» **Problem statement**: Needed from the data below: every line from the one with "Everlane Curvy 90’s" up to and including the one with "2022 Toyota Sienna", repeated exactly and with nothing else.

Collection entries
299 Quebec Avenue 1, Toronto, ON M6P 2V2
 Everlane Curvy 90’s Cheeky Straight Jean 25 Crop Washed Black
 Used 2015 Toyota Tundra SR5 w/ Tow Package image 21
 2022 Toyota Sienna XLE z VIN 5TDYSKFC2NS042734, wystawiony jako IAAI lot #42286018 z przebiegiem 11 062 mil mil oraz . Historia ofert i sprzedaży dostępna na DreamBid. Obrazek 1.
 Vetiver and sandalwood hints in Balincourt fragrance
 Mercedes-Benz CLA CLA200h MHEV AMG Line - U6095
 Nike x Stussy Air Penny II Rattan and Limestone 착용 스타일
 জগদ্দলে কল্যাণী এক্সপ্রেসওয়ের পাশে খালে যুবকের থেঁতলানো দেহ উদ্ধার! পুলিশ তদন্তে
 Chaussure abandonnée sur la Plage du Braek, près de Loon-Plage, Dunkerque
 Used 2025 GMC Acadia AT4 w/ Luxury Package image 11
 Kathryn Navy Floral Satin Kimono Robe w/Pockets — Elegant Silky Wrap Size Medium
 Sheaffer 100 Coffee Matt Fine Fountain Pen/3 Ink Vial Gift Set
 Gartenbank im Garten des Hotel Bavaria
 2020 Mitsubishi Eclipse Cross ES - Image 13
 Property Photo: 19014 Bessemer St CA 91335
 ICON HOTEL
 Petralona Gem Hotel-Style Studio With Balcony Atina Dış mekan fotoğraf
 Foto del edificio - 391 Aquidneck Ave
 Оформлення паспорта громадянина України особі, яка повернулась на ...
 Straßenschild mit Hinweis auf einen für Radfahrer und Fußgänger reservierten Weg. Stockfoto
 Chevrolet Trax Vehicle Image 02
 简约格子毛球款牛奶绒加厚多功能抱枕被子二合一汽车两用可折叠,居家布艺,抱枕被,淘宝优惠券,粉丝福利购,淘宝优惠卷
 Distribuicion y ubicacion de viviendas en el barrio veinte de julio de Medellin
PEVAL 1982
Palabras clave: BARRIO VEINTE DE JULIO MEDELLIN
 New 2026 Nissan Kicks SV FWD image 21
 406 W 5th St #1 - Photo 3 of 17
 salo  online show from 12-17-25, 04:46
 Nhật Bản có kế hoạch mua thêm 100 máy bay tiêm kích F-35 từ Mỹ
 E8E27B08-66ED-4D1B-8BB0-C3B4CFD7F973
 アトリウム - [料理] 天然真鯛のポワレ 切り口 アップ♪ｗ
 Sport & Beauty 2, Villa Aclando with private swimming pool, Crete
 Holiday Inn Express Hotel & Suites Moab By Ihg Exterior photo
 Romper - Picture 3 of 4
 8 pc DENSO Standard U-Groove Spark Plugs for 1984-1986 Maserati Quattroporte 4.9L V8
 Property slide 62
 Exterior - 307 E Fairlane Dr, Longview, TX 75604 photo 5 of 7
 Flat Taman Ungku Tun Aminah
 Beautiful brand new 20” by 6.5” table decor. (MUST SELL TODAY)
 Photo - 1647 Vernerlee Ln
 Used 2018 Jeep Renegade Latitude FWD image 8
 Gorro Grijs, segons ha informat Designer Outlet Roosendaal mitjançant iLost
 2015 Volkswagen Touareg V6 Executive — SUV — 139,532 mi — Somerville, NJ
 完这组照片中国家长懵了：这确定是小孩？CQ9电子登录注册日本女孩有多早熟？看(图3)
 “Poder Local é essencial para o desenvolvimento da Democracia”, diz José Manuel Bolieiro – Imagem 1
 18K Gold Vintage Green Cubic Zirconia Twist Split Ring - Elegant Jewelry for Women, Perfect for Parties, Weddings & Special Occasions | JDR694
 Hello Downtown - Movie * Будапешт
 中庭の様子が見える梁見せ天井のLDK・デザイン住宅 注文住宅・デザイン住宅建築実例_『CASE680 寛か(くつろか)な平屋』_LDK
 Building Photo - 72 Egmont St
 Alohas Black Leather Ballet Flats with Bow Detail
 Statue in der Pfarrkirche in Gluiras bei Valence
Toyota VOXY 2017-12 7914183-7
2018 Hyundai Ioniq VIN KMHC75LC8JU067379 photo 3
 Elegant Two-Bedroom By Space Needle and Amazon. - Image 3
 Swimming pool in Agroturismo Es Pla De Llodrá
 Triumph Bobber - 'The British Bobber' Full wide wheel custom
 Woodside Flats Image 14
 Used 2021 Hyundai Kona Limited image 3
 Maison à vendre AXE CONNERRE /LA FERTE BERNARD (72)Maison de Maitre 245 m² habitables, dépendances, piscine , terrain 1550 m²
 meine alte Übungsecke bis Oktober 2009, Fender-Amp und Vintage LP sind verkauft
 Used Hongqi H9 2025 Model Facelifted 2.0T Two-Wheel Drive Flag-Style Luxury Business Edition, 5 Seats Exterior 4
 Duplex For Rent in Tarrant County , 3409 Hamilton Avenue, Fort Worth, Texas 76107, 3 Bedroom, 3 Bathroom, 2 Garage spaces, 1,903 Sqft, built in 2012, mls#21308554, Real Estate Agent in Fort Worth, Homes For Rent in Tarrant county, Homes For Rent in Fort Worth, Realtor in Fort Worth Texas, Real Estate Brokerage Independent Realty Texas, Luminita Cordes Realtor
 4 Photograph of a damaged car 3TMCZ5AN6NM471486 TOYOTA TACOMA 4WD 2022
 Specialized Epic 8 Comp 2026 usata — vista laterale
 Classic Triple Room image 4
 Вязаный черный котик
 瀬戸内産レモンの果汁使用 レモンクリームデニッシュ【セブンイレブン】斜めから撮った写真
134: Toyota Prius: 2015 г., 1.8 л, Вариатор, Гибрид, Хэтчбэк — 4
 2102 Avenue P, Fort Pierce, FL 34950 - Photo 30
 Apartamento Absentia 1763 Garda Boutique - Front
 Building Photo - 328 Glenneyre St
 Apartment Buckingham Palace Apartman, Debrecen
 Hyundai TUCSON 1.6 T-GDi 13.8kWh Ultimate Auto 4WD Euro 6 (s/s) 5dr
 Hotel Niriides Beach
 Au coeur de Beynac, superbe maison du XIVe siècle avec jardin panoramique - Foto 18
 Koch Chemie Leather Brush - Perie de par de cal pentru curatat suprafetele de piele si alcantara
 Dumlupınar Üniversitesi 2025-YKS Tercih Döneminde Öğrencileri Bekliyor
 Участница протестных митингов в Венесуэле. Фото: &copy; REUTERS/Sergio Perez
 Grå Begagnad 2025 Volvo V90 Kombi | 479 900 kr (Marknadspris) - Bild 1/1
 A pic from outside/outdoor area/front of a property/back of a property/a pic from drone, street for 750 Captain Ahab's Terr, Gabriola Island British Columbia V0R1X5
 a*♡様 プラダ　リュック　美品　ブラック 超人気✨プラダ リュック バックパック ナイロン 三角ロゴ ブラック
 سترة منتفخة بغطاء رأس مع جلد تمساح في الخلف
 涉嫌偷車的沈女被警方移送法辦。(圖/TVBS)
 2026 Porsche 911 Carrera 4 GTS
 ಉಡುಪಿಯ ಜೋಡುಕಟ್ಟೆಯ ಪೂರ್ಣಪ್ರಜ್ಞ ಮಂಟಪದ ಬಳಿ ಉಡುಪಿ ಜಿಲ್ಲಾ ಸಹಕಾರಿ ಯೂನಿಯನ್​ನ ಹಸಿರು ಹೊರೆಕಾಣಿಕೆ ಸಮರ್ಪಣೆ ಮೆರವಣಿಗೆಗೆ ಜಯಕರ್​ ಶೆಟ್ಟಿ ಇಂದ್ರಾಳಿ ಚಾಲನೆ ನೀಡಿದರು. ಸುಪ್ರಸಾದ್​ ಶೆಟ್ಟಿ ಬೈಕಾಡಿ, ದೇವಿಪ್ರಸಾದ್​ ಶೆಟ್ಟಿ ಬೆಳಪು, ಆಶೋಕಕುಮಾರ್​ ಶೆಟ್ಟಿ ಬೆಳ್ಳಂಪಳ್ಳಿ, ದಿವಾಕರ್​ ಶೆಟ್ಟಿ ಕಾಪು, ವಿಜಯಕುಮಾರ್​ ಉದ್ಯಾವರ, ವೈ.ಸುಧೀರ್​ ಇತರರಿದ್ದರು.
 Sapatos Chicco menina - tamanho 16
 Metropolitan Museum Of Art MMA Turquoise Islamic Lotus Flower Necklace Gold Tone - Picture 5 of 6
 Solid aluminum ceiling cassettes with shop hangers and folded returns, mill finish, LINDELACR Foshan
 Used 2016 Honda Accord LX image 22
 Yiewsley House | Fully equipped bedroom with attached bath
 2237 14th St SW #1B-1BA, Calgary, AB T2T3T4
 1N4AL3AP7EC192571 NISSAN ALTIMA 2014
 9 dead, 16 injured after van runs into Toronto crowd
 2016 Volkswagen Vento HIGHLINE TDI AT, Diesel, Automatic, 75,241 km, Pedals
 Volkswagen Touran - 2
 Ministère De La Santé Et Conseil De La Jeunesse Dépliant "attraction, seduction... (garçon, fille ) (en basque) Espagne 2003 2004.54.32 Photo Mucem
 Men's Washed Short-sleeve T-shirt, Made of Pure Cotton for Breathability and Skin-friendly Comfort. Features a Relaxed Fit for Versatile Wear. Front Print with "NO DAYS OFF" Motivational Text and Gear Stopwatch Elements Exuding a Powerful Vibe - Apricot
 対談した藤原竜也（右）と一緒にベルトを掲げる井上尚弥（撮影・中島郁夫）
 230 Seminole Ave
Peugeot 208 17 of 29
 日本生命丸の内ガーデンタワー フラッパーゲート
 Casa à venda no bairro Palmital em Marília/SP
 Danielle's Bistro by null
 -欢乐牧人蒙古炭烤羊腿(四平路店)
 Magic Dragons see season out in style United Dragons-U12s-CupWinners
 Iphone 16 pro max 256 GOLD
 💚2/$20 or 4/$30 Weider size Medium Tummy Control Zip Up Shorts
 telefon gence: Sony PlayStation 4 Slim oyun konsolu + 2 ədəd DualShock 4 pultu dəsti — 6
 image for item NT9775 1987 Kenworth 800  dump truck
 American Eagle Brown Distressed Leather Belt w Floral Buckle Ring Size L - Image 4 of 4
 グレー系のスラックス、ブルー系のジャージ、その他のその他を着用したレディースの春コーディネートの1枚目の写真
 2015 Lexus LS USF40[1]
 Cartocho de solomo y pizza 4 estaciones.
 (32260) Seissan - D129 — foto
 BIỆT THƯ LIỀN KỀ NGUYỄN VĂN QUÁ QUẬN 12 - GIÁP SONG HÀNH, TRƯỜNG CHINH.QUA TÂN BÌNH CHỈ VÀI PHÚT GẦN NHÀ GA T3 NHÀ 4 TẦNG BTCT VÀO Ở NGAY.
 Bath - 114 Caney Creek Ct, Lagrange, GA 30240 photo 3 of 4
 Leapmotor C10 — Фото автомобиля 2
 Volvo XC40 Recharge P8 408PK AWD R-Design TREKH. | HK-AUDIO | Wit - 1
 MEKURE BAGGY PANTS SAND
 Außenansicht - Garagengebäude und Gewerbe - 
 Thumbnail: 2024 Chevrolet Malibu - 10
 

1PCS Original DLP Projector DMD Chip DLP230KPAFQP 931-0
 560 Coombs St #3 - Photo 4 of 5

» **Response for this exercise**:
 Everlane Curvy 90’s Cheeky Straight Jean 25 Crop Washed Black
 Used 2015 Toyota Tundra SR5 w/ Tow Package image 21
 2022 Toyota Sienna XLE z VIN 5TDYSKFC2NS042734, wystawiony jako IAAI lot #42286018 z przebiegiem 11 062 mil mil oraz . Historia ofert i sprzedaży dostępna na DreamBid. Obrazek 1.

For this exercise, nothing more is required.